Collection: Hand-Carved Parasite Wood Sculptures

Hand-Carved in Indonesia, Shaped by Nature

The defining feature of the parasite wood range is that no two pieces are the same. Parasite wood is timber from trees overgrown by parasitic vines — and the resulting forms (twisted grain, hollowed sections, irregular outlines) can't be standardised, replicated, or mass-produced. Indonesian artisans work with what each piece of wood gives them, fitting the carved animal, bird, or mushroom to the natural shape of the base rather than the other way round. What you receive is not a representative example of a production run — it is the specific carving in the photograph, with the specific base that wood happened to grow into. That makes these pieces unusually personal as gifts, and unusually rewarding to live with.

Frequently Asked Questions

  1. What is parasite wood?
    Parasite wood is timber that comes from trees overgrown by parasitic vines — strangler figs, lianas, and other climbing plants. Over years and sometimes decades, the parasitic growth shapes the wood beneath it, leaving twisted grain, hollowed sections, and organic, irregular outlines once the tree is harvested. In Indonesia, where most parasite wood used in craft comes from, it's known as jempinis or jempinis batu.
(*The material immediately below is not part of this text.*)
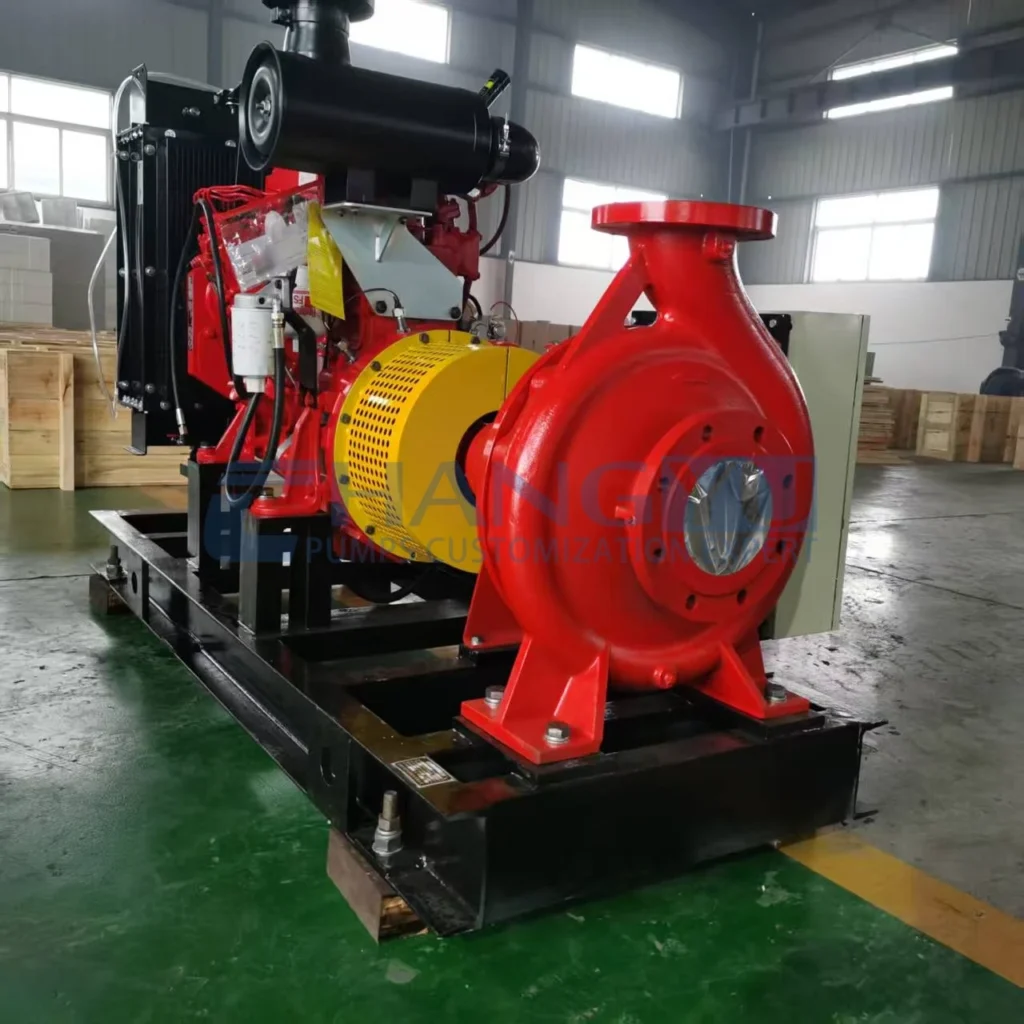 horizontal single stage centrifugal pump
Because the form is shaped by botanical accident rather than by the carver, no two pieces are identical.
  2. Are these pieces really one-of-a-kind?
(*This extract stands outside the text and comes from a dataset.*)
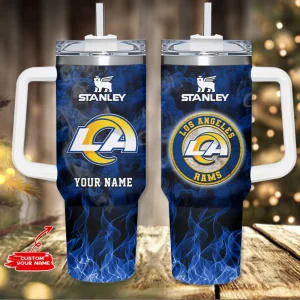 Los Angeles Rams NFL Metal Style Custom 40oz Stanley Tumbler AZC40OZT818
    Yes — genuinely. Parasite wood bases cannot be standardised, since the natural form of each base depends on how a particular tree was overgrown. Artisans work with the shape they find rather than fitting wood to a template. The carving you see in each product photograph is the specific carving you'll receive. We don't substitute, swap, or use representative photography on this range.
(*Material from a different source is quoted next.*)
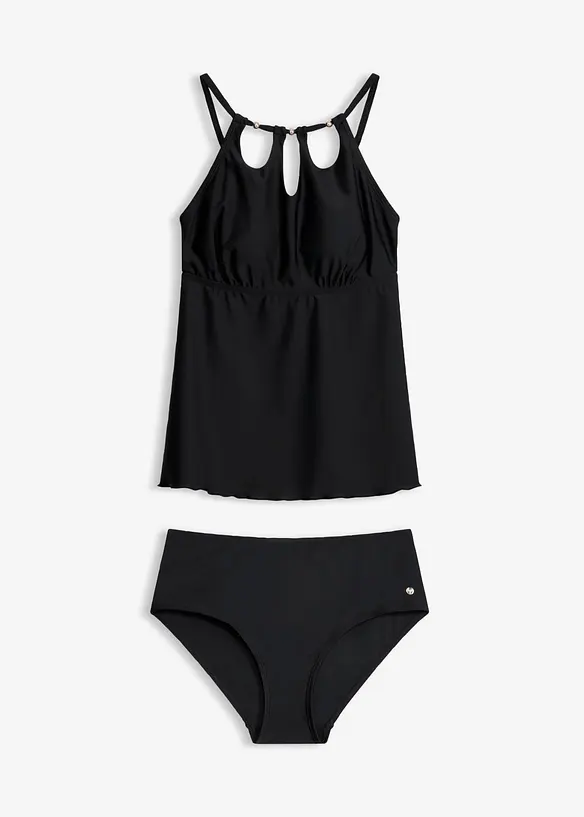 Tankini med cut-outs (2-delt sett), bonprix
  3. How are these carvings made?
    Each piece is hand-carved in Indonesian workshops, where wood carving is a longstanding craft tradition passed down through generations. The animal, bird, or mushroom figure is worked from a single piece of solid hardwood, polished smooth, and then set into a base of raw parasite wood that has been cleaned but otherwise left in its natural form. The contrast between the polished carving and the rough base is intentional, and is the defining aesthetic of the range.
  4. How should I care for the wood?
    These pieces are intended for indoor display. Keep them away from direct sunlight and sources of moisture (radiators, kitchens, bathrooms). Dust occasionally with a dry, soft cloth. No specific maintenance is required, but if you want to refresh the finish over time, a light application of natural furniture wax or wood oil is fine.
  5. What sizes are these pieces?
    Sizes vary by design. The smaller pieces (single animals, two-mushroom arrangements) are compact and suit shelves, desks, windowsills, and bedside surfaces. The taller mushroom cluster and the multi-element compositions are larger statement pieces, better suited to sideboards, mantelpieces, console tables, and open shelves. Specific dimensions are listed on each individual product page.
  6. Are these good for gifts?
    Particularly so. Each piece carries cultural symbolism (the elephant for wisdom, the owl for knowledge, the hummingbird for joy and resilience, the bee for industry and ecological care, the mushroom for woodland and fairy folklore), and the genuine uniqueness of every carving makes them feel personal rather than off-the-shelf. Popular as gifts for gardeners, beekeepers, bird enthusiasts, witches, mycology lovers, cottagecore collectors, and — particularly the hummingbird — as memorial or recovery gifts.